Summary
In Gennaro v. Grossfeld, 186 AD2d 718 (2nd Dept. 1992), the court granted a discretionary venue change despite a three year delay in seeking the same after concluding that the action had no nexus to the originally chosen venue.
Summary of this case from LA CARA MIA BAR LOUNGE v. GREAT LOCATIONSOpinion
October 19, 1992
Appeal from the Supreme Court, Kings County (Hurowitz, J.).
Ordered that the order is affirmed, with costs.
While CPLR 511 (a) requires that a motion to change venue based on the convenience of the material witnesses be made within "a reasonable time", it is well settled that it may be made any time before the trial and is addressed to the sound discretion of the trial court (see, Morale v La Grange Inn, 160 A.D.2d 783; Toro v Gracin, 148 A.D.2d 364; Korman v City of New York, 89 A.D.2d 888).

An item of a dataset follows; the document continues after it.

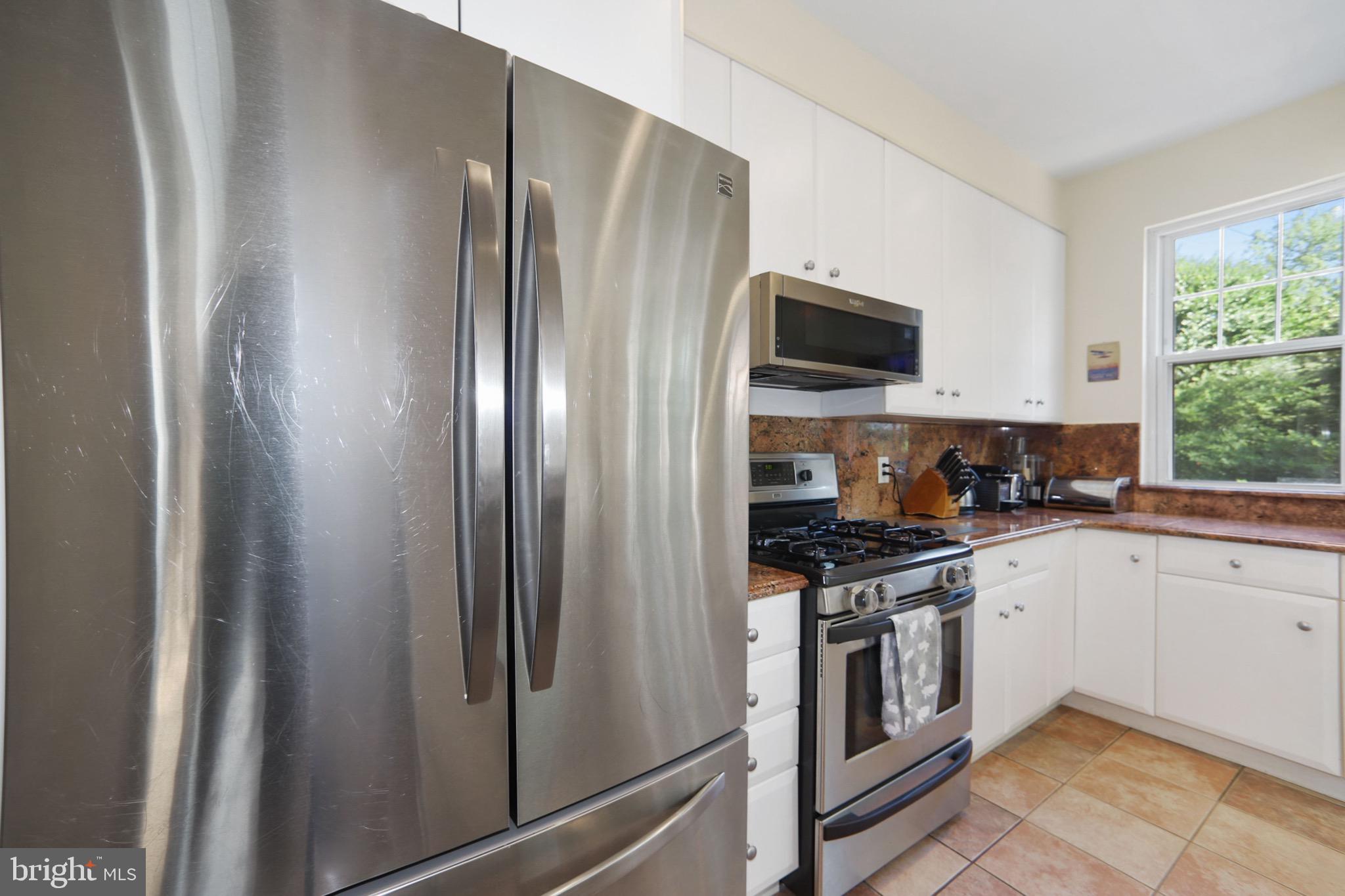 3835 Military Road Northwest Washington, DC 20015 - Photo 10 of 34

Under the circumstances of this case, we cannot conclude that the Supreme Court improvidently exercised its discretion in transferring the venue of this action from Kings County to Ontario County. The three-year delay in bringing the motion is outweighed by the factors favoring the transfer (see, Wendal v Memorial Hosp., 182 A.D.2d 617). Ontario County is where the injury occurred and is where the medical records and hospital personnel who treated the plaintiff are located. We note that the only demonstrated nexus to Kings County is that the plaintiff, who has since moved, resided there at the time she commenced the action (see, Creed v United Hosp., 158 A.D.2d 654). Mangano, P.J., Sullivan, O'Brien, Ritter and Pizzuto, JJ., concur.